*** Input material ***

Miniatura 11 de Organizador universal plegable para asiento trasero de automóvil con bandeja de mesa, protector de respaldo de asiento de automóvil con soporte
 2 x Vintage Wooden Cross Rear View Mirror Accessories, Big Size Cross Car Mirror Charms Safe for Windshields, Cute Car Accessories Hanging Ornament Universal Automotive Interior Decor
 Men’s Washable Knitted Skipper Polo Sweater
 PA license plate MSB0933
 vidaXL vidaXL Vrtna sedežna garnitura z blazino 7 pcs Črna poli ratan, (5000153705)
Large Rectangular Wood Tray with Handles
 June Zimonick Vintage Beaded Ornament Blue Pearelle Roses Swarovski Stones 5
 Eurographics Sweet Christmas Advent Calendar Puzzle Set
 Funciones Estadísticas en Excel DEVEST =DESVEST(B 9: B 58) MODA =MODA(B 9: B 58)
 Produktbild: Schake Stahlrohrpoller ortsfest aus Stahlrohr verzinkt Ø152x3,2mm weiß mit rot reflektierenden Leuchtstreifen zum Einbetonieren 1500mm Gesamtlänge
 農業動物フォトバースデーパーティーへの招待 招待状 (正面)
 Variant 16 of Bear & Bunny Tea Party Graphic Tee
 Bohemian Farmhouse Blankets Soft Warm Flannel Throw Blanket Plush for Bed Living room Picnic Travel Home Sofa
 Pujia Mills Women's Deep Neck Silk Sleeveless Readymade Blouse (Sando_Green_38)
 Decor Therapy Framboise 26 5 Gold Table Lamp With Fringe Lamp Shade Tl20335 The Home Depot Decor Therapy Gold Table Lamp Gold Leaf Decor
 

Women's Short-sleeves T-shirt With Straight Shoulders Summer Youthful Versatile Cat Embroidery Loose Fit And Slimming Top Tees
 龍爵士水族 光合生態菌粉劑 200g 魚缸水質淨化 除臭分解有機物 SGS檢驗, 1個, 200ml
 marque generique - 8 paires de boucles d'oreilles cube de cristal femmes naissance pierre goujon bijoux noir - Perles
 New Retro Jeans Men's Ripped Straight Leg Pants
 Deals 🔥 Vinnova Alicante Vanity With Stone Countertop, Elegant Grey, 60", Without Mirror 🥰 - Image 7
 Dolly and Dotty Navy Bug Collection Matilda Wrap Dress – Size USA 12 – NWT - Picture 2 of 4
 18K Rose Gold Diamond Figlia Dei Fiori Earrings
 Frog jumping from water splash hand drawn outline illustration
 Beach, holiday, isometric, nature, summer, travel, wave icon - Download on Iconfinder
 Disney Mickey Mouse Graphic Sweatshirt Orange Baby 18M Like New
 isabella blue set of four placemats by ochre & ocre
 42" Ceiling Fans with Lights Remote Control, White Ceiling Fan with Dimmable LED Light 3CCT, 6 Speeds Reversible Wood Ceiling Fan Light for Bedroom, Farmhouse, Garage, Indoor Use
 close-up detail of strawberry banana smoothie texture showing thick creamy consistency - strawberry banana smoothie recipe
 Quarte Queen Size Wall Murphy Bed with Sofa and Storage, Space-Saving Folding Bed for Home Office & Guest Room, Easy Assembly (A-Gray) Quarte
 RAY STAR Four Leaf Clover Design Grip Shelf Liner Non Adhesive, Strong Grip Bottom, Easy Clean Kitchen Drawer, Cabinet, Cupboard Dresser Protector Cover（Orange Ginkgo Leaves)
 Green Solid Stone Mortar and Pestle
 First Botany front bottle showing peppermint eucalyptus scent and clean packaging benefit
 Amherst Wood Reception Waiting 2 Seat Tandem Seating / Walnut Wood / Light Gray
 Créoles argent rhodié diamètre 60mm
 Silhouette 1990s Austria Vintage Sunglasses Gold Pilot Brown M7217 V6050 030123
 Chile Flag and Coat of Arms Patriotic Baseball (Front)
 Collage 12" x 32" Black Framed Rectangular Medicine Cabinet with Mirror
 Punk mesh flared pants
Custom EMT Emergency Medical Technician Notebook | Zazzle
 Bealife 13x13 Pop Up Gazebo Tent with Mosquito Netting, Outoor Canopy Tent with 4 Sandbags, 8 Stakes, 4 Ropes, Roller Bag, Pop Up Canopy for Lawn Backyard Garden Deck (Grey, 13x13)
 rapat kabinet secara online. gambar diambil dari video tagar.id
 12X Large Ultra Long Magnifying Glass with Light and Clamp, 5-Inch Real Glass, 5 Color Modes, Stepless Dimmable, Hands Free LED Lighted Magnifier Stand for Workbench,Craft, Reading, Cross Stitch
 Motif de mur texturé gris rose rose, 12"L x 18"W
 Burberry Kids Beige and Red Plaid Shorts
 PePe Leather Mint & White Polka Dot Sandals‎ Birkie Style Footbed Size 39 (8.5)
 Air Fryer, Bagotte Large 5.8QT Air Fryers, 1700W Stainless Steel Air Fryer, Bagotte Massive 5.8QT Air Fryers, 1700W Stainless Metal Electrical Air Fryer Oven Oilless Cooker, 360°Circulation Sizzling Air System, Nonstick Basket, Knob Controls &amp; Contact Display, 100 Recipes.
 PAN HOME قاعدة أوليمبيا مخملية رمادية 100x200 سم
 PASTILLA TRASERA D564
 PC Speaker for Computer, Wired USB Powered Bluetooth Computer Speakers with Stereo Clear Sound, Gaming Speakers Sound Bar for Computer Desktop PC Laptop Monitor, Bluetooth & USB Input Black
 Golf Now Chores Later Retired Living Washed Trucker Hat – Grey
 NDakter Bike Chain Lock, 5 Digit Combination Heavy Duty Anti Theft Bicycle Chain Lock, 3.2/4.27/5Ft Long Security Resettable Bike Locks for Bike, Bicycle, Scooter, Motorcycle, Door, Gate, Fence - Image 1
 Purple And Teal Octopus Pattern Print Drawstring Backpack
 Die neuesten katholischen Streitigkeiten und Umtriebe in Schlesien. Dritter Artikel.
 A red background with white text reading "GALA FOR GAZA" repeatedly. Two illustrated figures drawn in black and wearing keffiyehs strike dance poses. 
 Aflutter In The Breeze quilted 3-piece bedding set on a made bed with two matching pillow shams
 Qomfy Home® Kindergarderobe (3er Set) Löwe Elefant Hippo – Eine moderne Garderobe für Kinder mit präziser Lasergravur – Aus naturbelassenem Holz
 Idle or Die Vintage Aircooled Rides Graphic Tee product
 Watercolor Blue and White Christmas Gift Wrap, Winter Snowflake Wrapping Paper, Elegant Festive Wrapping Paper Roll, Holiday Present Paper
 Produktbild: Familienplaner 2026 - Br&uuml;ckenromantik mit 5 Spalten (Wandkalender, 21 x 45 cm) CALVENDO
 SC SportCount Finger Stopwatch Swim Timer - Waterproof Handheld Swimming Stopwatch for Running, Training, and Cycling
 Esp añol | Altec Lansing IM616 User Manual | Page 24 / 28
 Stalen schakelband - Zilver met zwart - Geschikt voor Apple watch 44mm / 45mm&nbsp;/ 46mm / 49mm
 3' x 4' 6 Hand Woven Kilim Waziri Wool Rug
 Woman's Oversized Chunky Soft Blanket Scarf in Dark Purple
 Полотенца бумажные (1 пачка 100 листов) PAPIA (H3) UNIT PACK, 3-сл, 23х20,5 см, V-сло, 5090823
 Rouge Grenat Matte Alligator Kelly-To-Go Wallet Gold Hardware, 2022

*** End of Input material ***

**What you should do:** Whenever the string "Blanket" turns up in a line of the data, copy that line.

**Response to this exercise:**
 Bohemian Farmhouse Blankets Soft Warm Flannel Throw Blanket Plush for Bed Living room Picnic Travel Home Sofa
 Woman's Oversized Chunky Soft Blanket Scarf in Dark Purple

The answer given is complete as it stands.